S&P Dow Jones Indices has expanded its ESG index offering by launching the S&P MidCap 400 ESG and S&P SmallCap 600 ESG indices, amid increased demand for sustainable thematics from investors. According to Mona Naqvi, senior director and head of ESG indices for North America at S&P, the new index series helps make ESG more accessible for market participants. It also reduces barriers to entry into the ESG investment space by being a mainstream-like product that offers a similar risk and return to the underlying benchmark.
It's still very much a yield seeking marketplace - Ian Merrill
SG’s recently launched Global Sentiment Index was one of three indices chosen by US annuity provider American Equity to underlie its Asset Shield fixed indexed annuity (FIA). The other two are the exclusive BofA Destinations Index, developed by Bank of America in collaboration with American Equity, and the Credit Suisse Tech Edge Index which combines biotech ETF asset classes with fixed income components.
Ian Merrill, Barclays’ managing director and global head of equities structuring, told SRP that, a challenge that the market is facing is the number of indices on offer for clients.
“Are we making it difficult for clients to choose one over the other? I would say that is something that we should keep an eye on as an industry,” he said. “It's still very much a yield seeking marketplace where you have clients looking for both index and single stock exposure in autocall or callable format as examples…I think the piece that we do also see demand for is in growth structures, the multi-asset strategies, like our Trailblazer Sectors 5 index, in note and annuity insurance format.”

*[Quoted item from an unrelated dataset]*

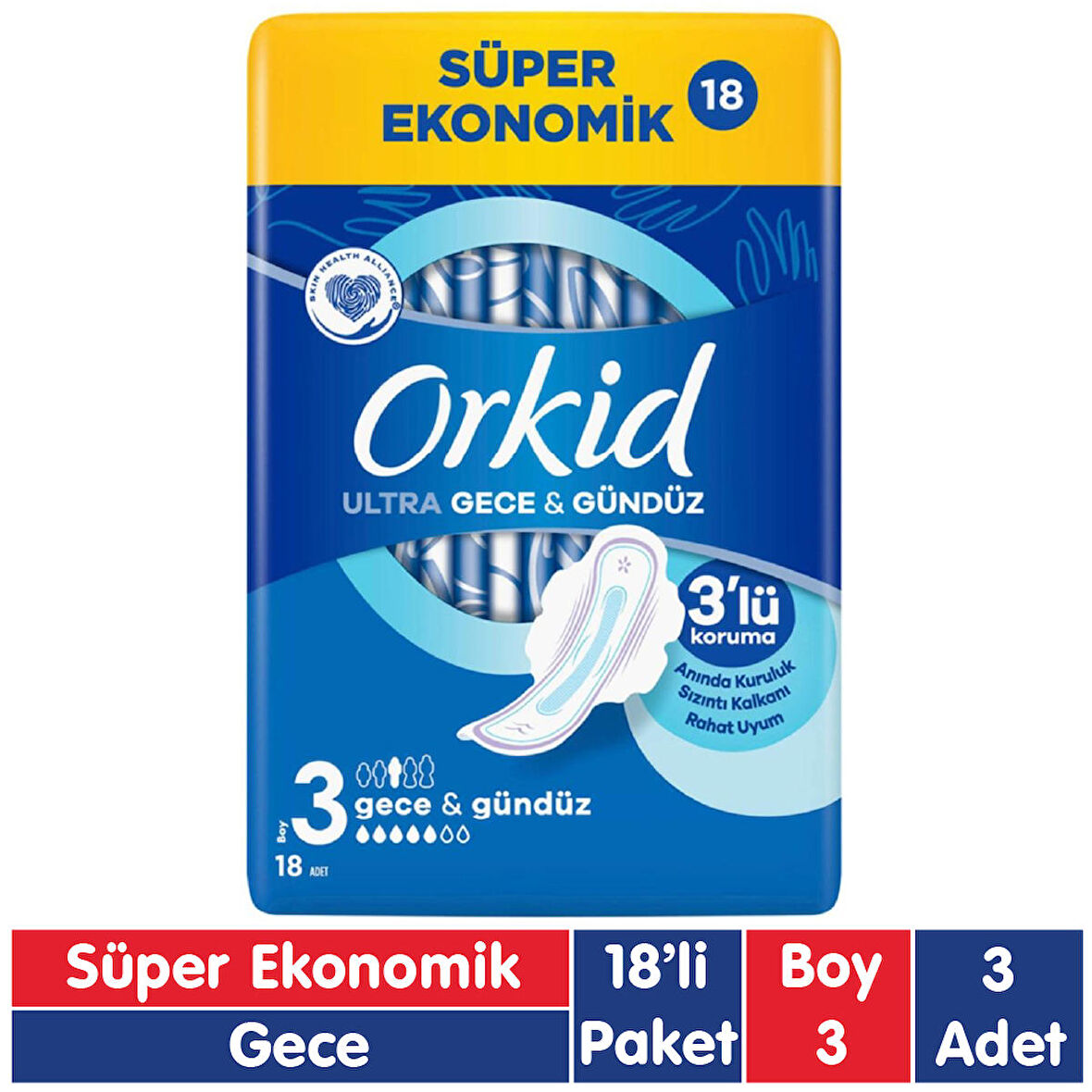 Orkid Ultra Extra Ped Gece 18x3 54 Adet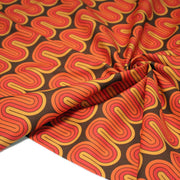 Tissu gabardine coton imprimée motif SEVENTIES, Vagues psychédélique - STANDARD 100 OEKO - TEX - tissuspipi.com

Goldman Sachs has seen the recent departure of two of its most senior executives within the structuring and strats sales unit. Stacy Selig, co-head of global structuring and sales strats and head of Americas structured sales, and Tom Leake, head of equity structuring for Emea, in London, who left the US bank to join Capstone Investment Advisors as head of solutions, hare parting ways with the US bank. Selig was appointed to her current role in early 2019 after Goldman reshuffled its systematic trading strategies team which saw the former co-head of global sales systematic trading strategies (Strats) Stefan Bollinger, shifting to the bank’s private wealth franchise.
After a 17-year partnership, BNP Paribas is looking to acquire up to 100% of Exane, raising its stake from the 50% currently held. The French bank is seeking to ‘further strengthen and widen the range of cash equity and derivatives services’ it offers to institutional investors and corporates globally, and leverage the acquisition of Deutsche Bank’s Global Prime Finance and Electronic Equities business in 2019 to position the bank as a leading provider in global equities.
Exane is a small player in the public offering space and has just over 275 live products worth an estimated US$364m across markets including Italy (254 products/US$292m) and Ireland (16 products/US$53m). There are also four live products issued by Exane on SRP’s institutional database.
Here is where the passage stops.